In a commentary appearing in JAMA Oncology in response to Sutphen and her colleagues' report, Steven Narod of the Women’s College Research Institute in Toronto wrote that the results, while interesting, "may not be a relevant guide for the future," given the rapid pace of change in the field.

For example, BRCA-specific tests are now being supplanted by panels that cover not only BRCA, but also a range of other familial cancer risk mutations.

Other companies, like Color Genomics and Veritas Genetics, have recently begun offering saliva-based BRCA and other tests through the mail.

"Now that genetic testing is available for $200 or $300, most women can afford testing out of pocket… we might expect a ratio of 100 or more negative test results for each positive. We cannot expect to counsel 100 women for the sake of one positive result, so other forms of knowledge transfer (e.g. print or electronic media) need to be explored," Narod argued.

According to Sutphen, the issue of potentially broadening or altering paradigms for counseling patients seeking BRCA and other cancer risk mutation tests rests on whether patients can be effectively counseled in other ways than through a formal session with a genetic counselor, a question she said is still open.

"We know that if you focus on trained genetics professionals, there are clear national certification programs for those professionals … but what isn't so clear is [which] additional healthcare providers might have the necessary expertise or experience to provide genetic counseling and to do so systematically," she said.

In their study, she and her colleagues saw a benefit in trained genetic counseling over the absence of such counseling — whether a complete lack of one-on-one counseling all together, or potentially some more informal advisement by a physician or other healthcare provider, or through written or electronic materials.

However, the results of the Aetna study didn't drill down to look at different modalities of counseling — whether over the phone or in person — or to see if there were differences in the experiences and outcomes of patients who were not counseled by a professional but may have received other types of advisement or information.

According to Narod, alternatives to one-on-one counseling like printed or online materials need to be explored.

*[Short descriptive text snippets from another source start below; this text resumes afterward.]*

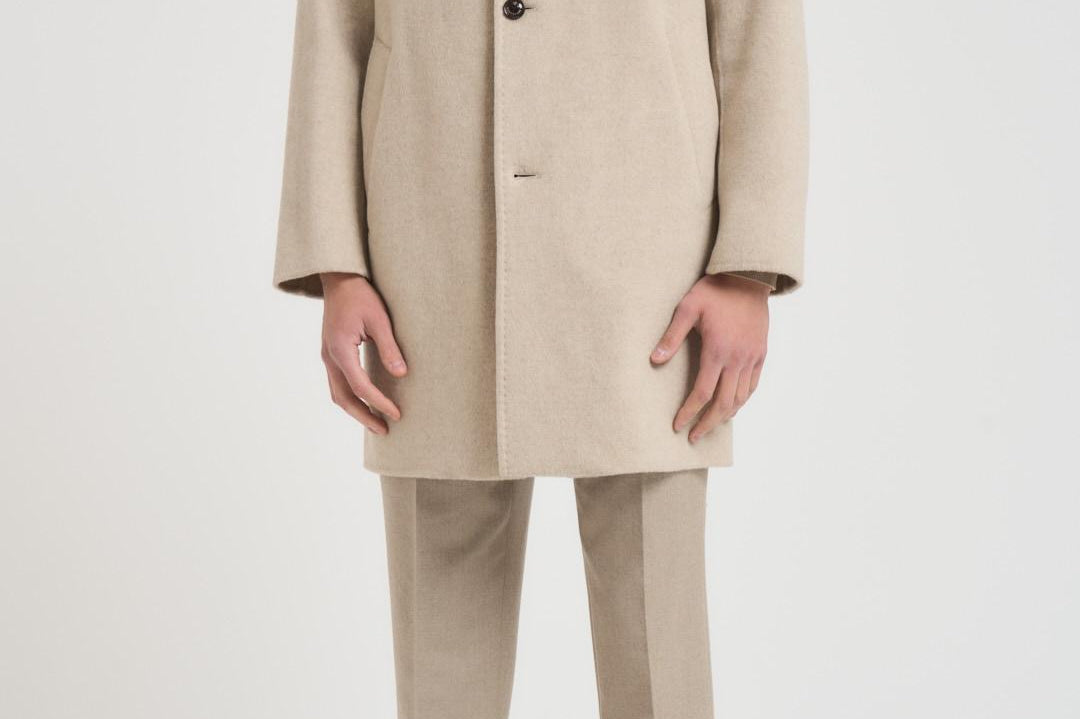 Cappotto uomo monopetto midi beige F09MUC952D 33023 MONTECORE 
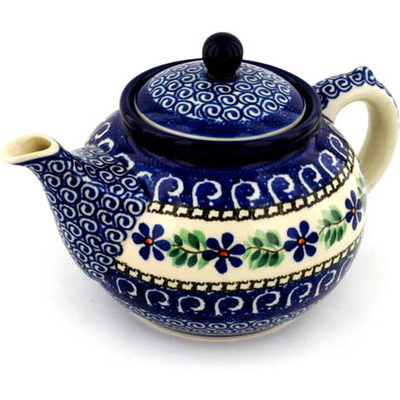 Polish Pottery Tea or Coffee Pot 5 cups Blue Daisy Swirls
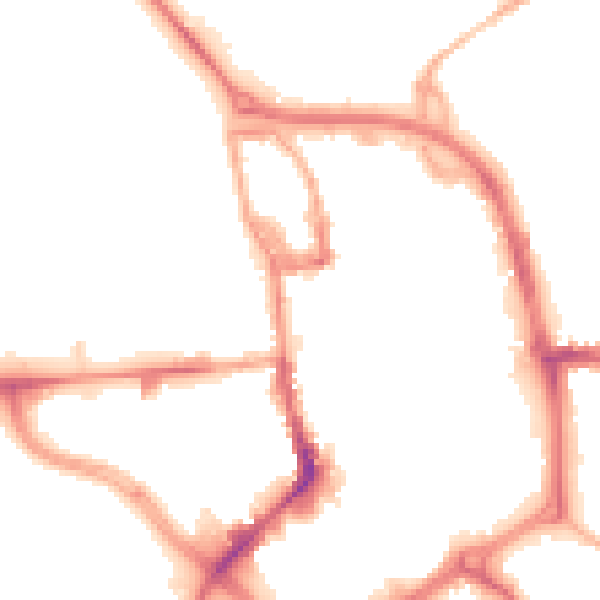 Night-time road noise heatmap for ST1 5HF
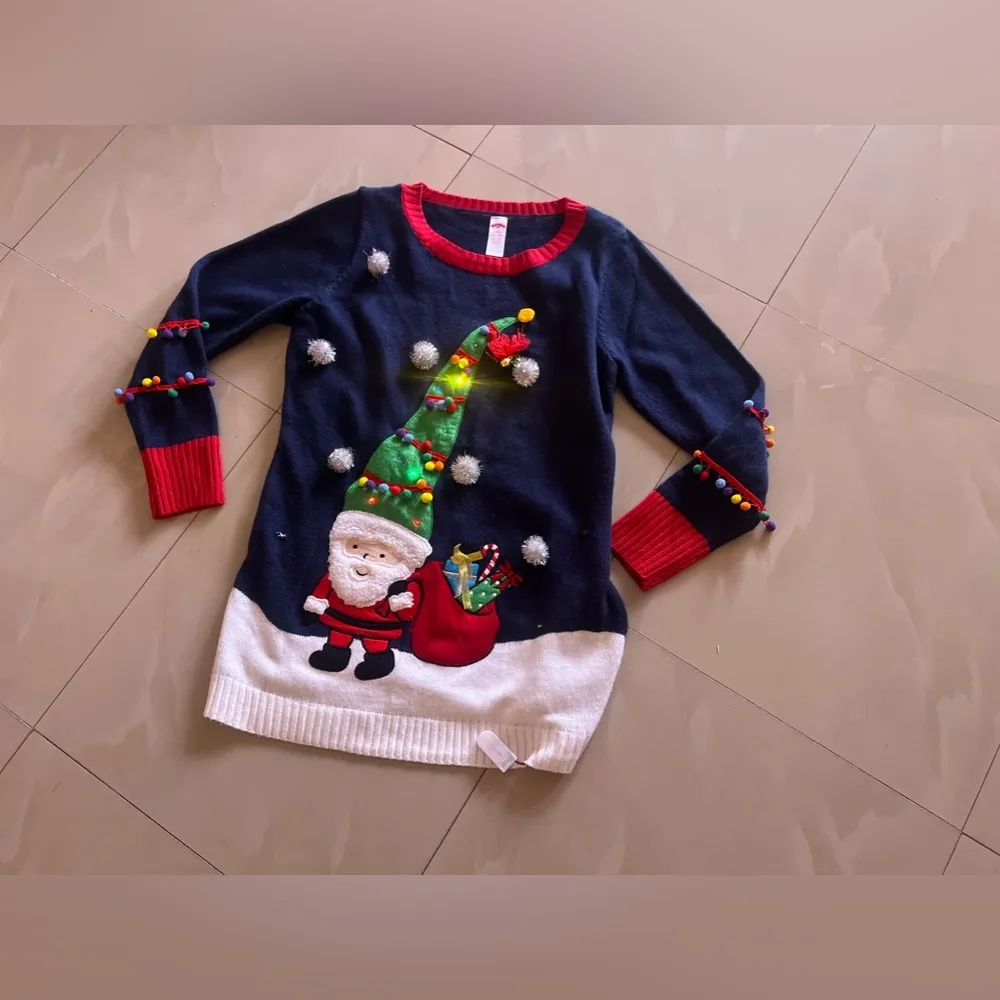 Pullover Christmas Sweatshirt Women's Navy Crew Neck Long Sleeves Embroidered - Image 3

Moreover, as testing expands past BRCA to large panels incorporating 20 or more genes, "it will be daunting to cover all possible outcomes with a pretest counseling process" of any kind, he wrote.

According to Sutphen, regardless of the debate over what kind of genetic counseling should be done, or whether current recommendations are appropriate, the fact is that the existing guidelines are not being followed.

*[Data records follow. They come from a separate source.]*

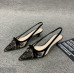  Women's Shoes  Mid-heel Summer Pointed Shallow Mouth Mesh Lace Bow Hollow Black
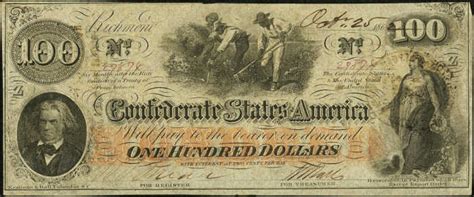 October 25th, 1862 Richmond $100 Confederate Bill Value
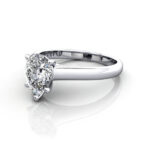 Pear Cut Solitaire Diamond Ring White Gold RS34 LF Pear Cut Solitaire Diamond Ring White Gold RS34 LF
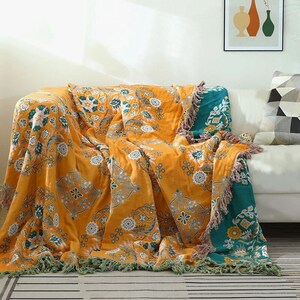 King size bedspread, green bedspread, orange throw, throws for sofas, large blankets and throws, bohemian bedspread, gifts for women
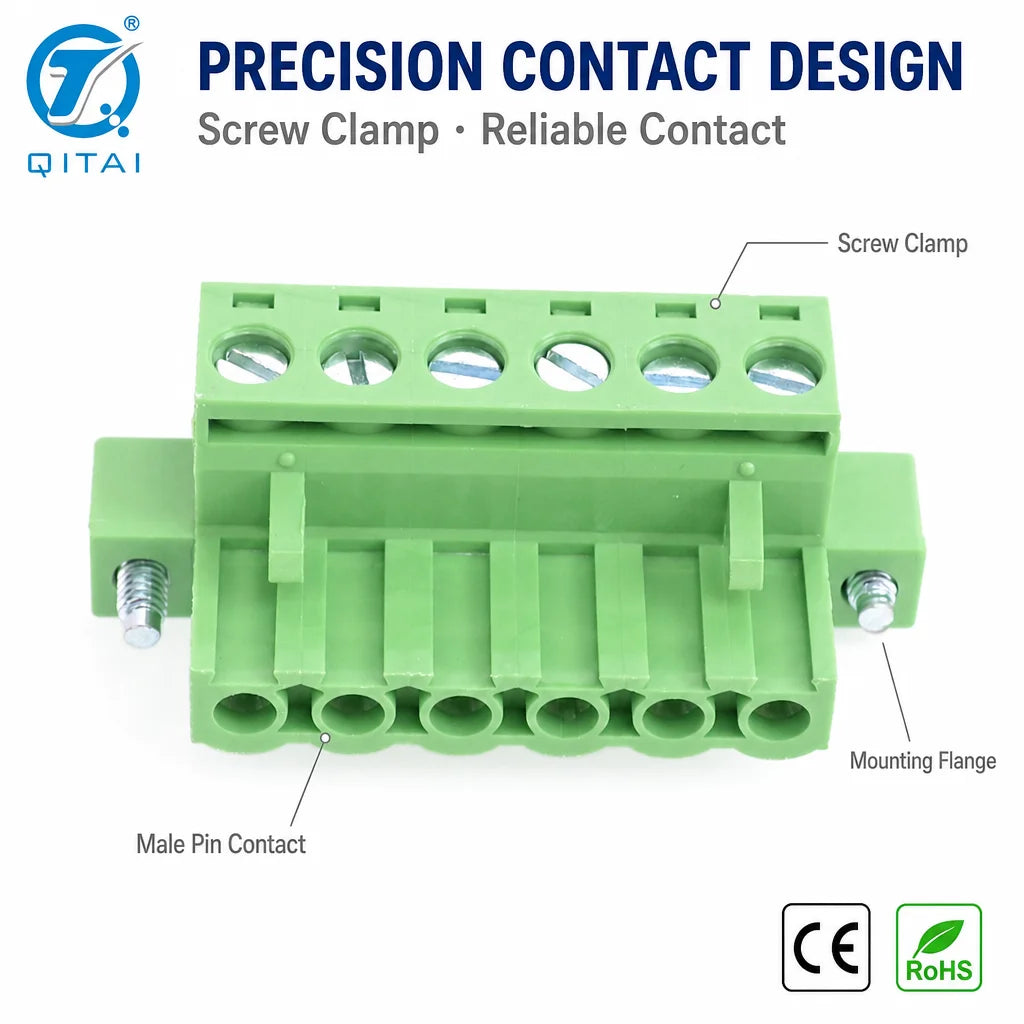 QPV-508 Male Plug PCB Terminal Block 5.08mm Pitch 2-24P 2.5mm2 300V 15A M3.0 Screw for Circuit Board Wiring Harness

Beyond being recommended, counseling is also mandated as a preventive service, to be covered in full by insurers under the Affordable Care Act, she added.

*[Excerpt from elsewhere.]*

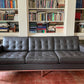 Florence Knoll Brown Leather Sofa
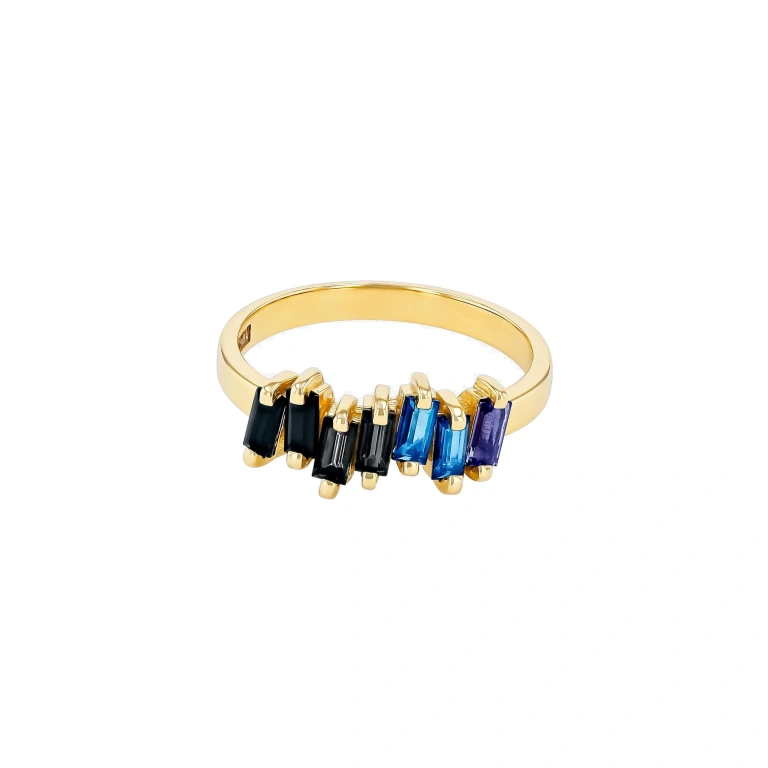 Suzanne Kalan Amalfi Dark Blue Ombre Half Band in 14K Yellow Gold | Fine Rings | Coveti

"I try to look at this from the patient perspective," she said. "Genetic counseling for BRCA testing in women with a family history is a preventive service … [but] it's safe to say [from our results] that many women may not know what it is, or what the benefits may be, or how to access it … so when you look at it from a patient point of view, our problem is in insuring that as many women in America as possible are aware of those options."

In his commentary, Narod also argued that the Aetna study has little to say about the impact of traditional trained counseling — or its absence — on outcomes beyond patient understanding and satisfaction.

Sutphen and her team now plan to study exactly that, and are currently collaborating with Aetna on a National Institutes of Health-funded study looking specifically at the utilization and outcomes of genetic testing among newly-diagnosed breast cancer patients, she said.

In addition to collecting patient reported outcomes the team will examine health claims data to actually see the choices made regarding initial or subsequent surgery, screening, and other changes in treatment and how that corresponds to patterns in counseling.